“The Twelve Lives of Samuel Hawley”by Rebecca Shapiro
There’s a summer tradition in the fictional fishing village of Olympus, Massachusetts, where Columbia writing professor Hannah Tinti sets her second novel, The Twelve Lives of Samuel Hawley. A flag is hung at the end of a seventy-five-foot wooden mast, which is suspended from a pier, and the first man to climb out over the water and capture the flag wins a year’s worth of free drinks — and, more importantly, the town’s respect. But the mast is covered in grease, making this a nearly impossible task. Then one day a strange loner named Samuel Hawley moves to Olympus with his teenage daughter, Loo. With the entire town watching, Hawley scales the pole and gets the flag. The crowd cheers, but no one is prepared for what they see when Hawley takes off his shirt: the round, knotty scars — at least six — from bullet holes. Who is this new neighbor? they wonder. What kind of life has he led?
The only one not gawking is Loo, though in actuality, she doesn’t know much about her father’s past either. The pair spent the first twelve years of her life on the run, exchanging one dingy hotel room for another. The only constants were an arsenal of guns, an old bearskin rug, and a box with a random assortment of her late mother’s things. Every time they moved, Hawley would pack up the box and then painstakingly reassemble the items into a shrine in the bathroom.
When Hawley suddenly decides that it’s time for them to settle down, he picks Olympus, where Loo’s mother grew up. Aside from the bizarre bathroom artifacts, Loo knows little about her mother, Lily, who drowned mysteriously just before Loo’s first birthday. But in Olympus, Loo is surrounded by people who remember Lily, including a grandmother who seems to want nothing to do with Loo and her father. As Loo’s questions become more pressing, Tinti toggles back to Hawley’s deeply violent past, telling the story of each bullet hole in a series of gruesome but gorgeously drawn flashbacks.
Her writing is vividly cinematic, in the tradition of Quentin Tarantino or the Coen brothers.
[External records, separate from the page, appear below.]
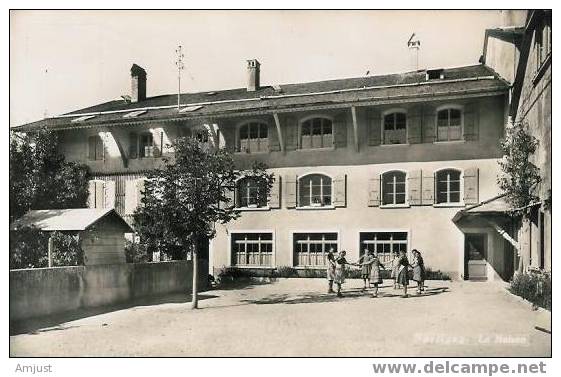 Canton De Vaud  Burtigny  La Maison - Burtigny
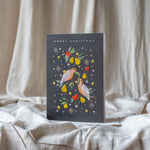 Partridge in a Pear Tree Holiday Card CHRISTMAS 2023 Meraki Greeting Cards (Faire)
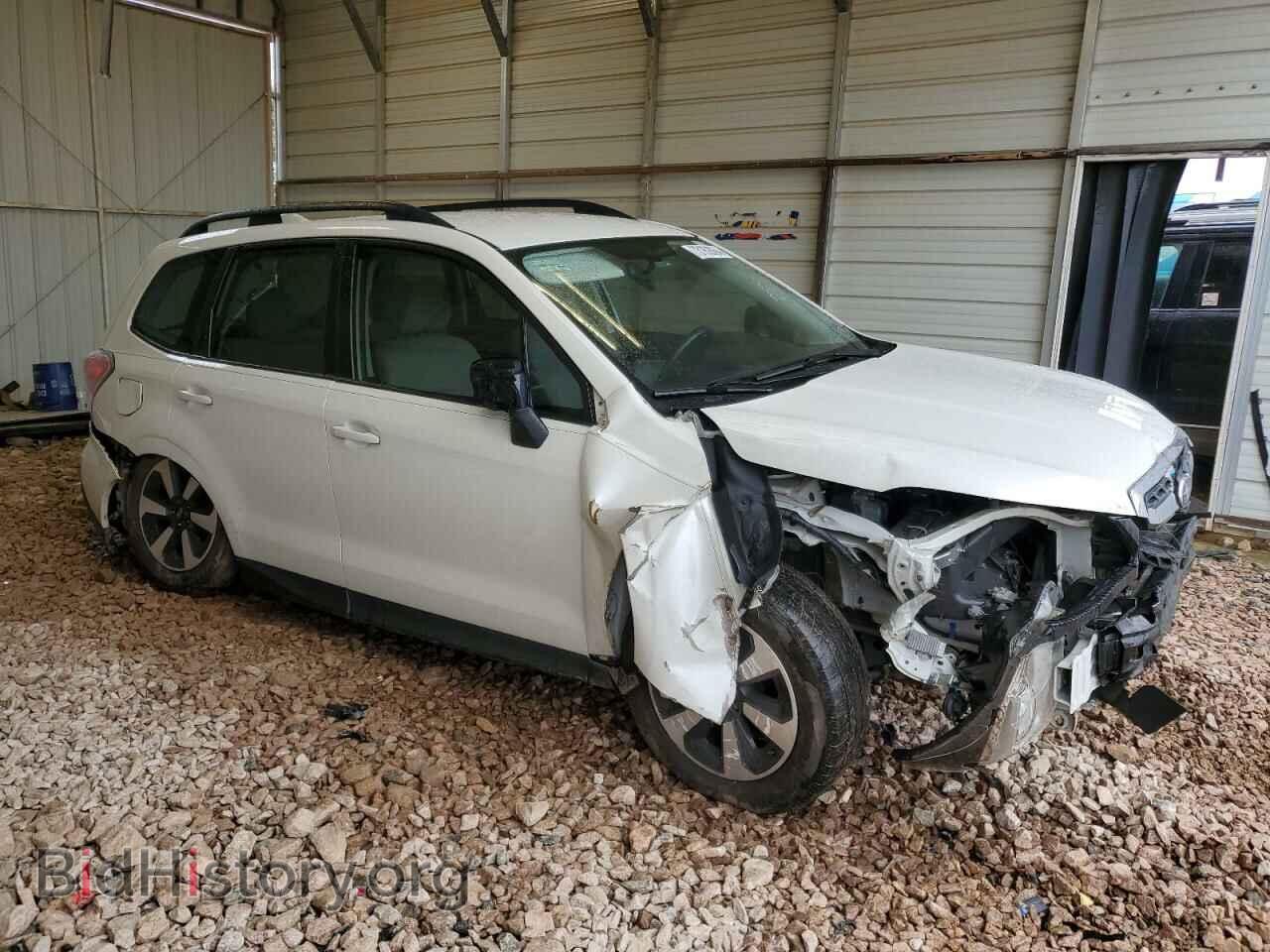2018 SUBARU FORESTER - VIN: JF2SJABC3JH458154 - Фото 4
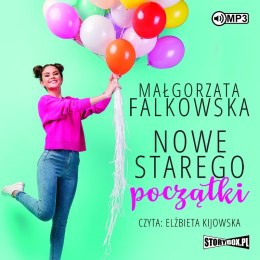 CD MP3 Nowe starego początki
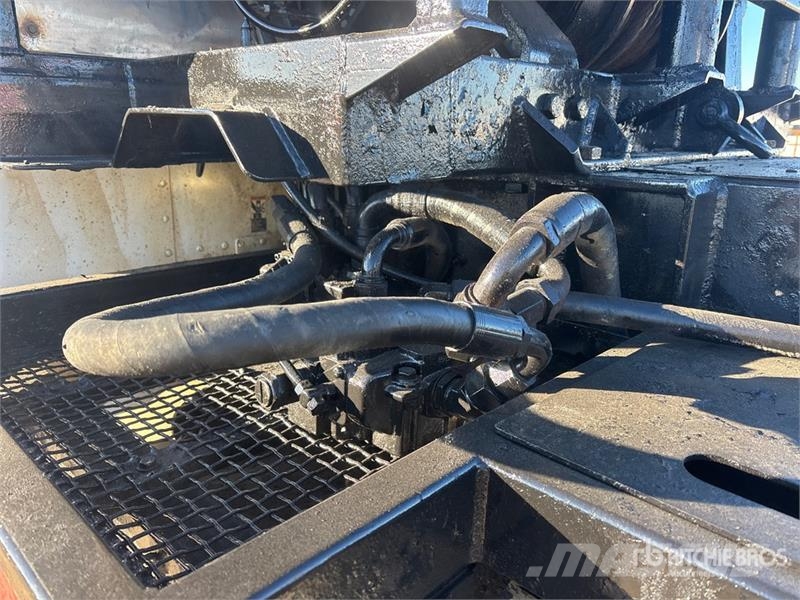 Peterbilt 367 6x4 Sleeper Winch Truck Евакуатори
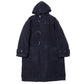 CASHMERE WOOL MOSSER BIG DUFFLE COAT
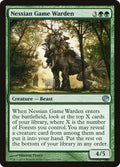 2014 Magic: The Gathering: Journey Into Nyx (JOU) - Nessian Game Warden (#132, Uncommon) (, Near Mint)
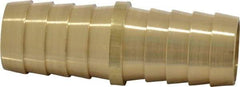 Dixon Valve & Coupling - Garden Hose Fitting - Brass, Garden Hose Mender Connector - Strong Tooling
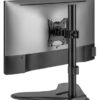 BRATECK βάση γραφείου οθόνης LDT66-T01, 17-32", έως 9kg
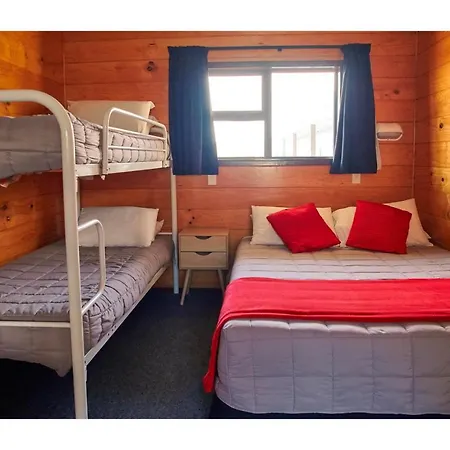 Greymouth Seaside Top 10 Holiday Park Exterior photo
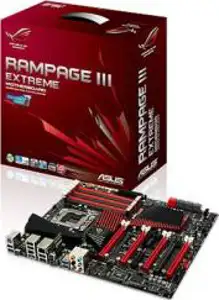 Matična ploča s1366 Asus RAMPAGE III EXTREME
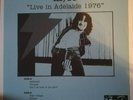 AC/DC Live in Adelaide 1976 LP *VERY RARE*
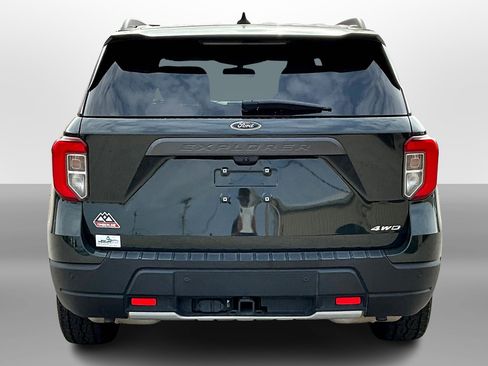 Used 2023 Ford Explorer Timberline image 4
Tinti, who cofounded the inventive literary journal One Story, is a master of the macabre. Her first novel, The Good Thief, followed a one-armed boy recruited by a band of murderous robbers in nineteenth-century New England, and the same gothic undertones permeate this novel, though it is set in the present day. Her writing is vividly cinematic, in the tradition of Quentin Tarantino or the Coen brothers, and in her nuanced voice, violence feels haunting or lurid rather than thrilling. In one scene, Hawley is speeding away from Whidbey Island, a windswept, tree-covered rock off the coast of Seattle, when his boat is nearly capsized by a giant gray whale: “He was staring over the port side, at a widening plane of flatness among the waves. And from this open place, the whale appeared — rising like a dark and crusted slice of doom.”
The book’s violence is cut by the surprising tenderness with which Tinti treats her characters. We come to find how easily Hawley can maim or kill, and yet the book is ripe with his grief and regret. It is heartbreaking to watch him carefully unwrap his dead wife’s used shampoo bottle, desperately trying to preserve her scent. Loo, too, seems to be following in her father’s path — reluctant to make friends and prone to lashing out: “There was a taste that filled Loo’s mouth whenever she was getting ready to hit someone. Tangy, like rust. She could feel it in the glands on either side of her jaw.” Hawley isn’t a traditional father — when Loo is caught stealing a car, for example, his response is to teach her how to do it better — but he does want, above all, to spare his daughter the pain that has followed him through life. It is that fervent, familiar desire that gives the book depth, making it more than a gothic fable or a heart-pounding thriller. At its core, it’s a story about a father and his daughter.